His father was unsettled by the idea, to which Dwight replied, “what other choice do we have right now?” Ultimately, the soybeans came in, canopied early, and they had a good crop.
As Dwight and his father continued with the practice, and eventually bought a new drill, they became known locally as “trash farmers” because they stopped tilling in the crop residue from the previous year. But Dwight didn’t let the comments bother him.
Years later, as he manages the farm on his own, Dwight believes if making a field “pretty” doesn’t let him be sustainable, he’s not going to do it.
“There are a lot of farmers now [whose] fathers before them cared about aesthetics, but this next generation understands where we’re going with this to be sustainable,” he said. “With the way the ag economy is going today, you have to do that.”
Today, Dwight’s fields still turn heads, this time for his use of cover crops. After establishing a cover crop of rye in the fall, Dwight will plant directly into the field of living rye in the spring, and then spray herbicides to kill it off. The rye will die down, form a mulch, and then hold down weed pressure. The farmer is currently getting cost share to help with the costs of planting cover crops. But even after that finishes, he will continue the practice because it has proven to be economical.
“I’ve cut out one herbicide in corn and beans because of it, which is really about equal to what you’d be spending on the cover crop,” he said.
Dwight has also participated in Natural Resources Conservation Service (NRCS) programs, such as the Conservation Stewardship Program (CSP), which provides technical and financial assistance to help producers enhance conservation on their operations over five-year contracts.
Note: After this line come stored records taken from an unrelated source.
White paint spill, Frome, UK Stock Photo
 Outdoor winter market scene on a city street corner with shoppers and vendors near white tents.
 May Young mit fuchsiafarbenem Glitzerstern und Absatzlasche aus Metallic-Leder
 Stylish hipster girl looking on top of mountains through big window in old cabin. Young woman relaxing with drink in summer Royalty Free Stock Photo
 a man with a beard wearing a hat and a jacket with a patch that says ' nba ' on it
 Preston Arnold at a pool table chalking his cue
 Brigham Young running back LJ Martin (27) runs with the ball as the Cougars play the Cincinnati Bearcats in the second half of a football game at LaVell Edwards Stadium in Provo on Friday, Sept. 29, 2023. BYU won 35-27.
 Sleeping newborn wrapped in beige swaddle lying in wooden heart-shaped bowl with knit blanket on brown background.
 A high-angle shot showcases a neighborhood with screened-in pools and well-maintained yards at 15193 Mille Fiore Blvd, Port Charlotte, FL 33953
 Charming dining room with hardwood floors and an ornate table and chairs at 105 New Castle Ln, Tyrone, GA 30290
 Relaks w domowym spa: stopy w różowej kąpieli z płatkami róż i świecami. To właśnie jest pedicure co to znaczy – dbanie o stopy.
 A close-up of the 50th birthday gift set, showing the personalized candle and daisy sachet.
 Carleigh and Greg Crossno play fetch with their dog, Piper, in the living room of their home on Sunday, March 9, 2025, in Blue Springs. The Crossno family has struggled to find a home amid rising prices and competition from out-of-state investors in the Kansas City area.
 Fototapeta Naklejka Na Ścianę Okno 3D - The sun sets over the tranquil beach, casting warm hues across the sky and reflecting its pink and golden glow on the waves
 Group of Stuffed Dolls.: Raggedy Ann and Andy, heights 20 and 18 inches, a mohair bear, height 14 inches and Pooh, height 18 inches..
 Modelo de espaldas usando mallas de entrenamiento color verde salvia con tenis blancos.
With CSP, he has conducted soil testing, fertility testing, crop tissue testing, and created wildlife habitat. The soil testing indicated that his soil organic matter is quite high, more than 7 percent, confirming what Dwight has long known—his practices have an impact on soil health.
Working closely with NRCS staff, Dwight has also implemented grassed waterways, and turned a portion of ground into a wetland, among other projects.
Another recent undertaking has been installing solar panels on his hog barns. Using federal grant funds, tax incentives, and smart shopping, Dwight has found a way to make solar work for his operation. Before installing the panels, his summer electricity bills frequently exceeded $700 per month. Now, he’s paying about $15 per month.
These days, Dwight is glad to share what he’s learned with others. Whether inviting farmers to take a look at his practices, or splitting up planting duties with a neighbor to help him to try no-till, Dwight encourages those around him to try new things in their operations.
For producers thinking about starting a new conservation practice, Dwight advises, “take one farm, and just do one farm that way. Take the records, and figure out the bottom line on that enterprise and see if it was sustainable versus what you’re doing other places.”
For Dwight, conservation measures have led to notable soil health, erosion, and wildlife benefits on his land. He’s also seen economically practical benefits in his checkbook.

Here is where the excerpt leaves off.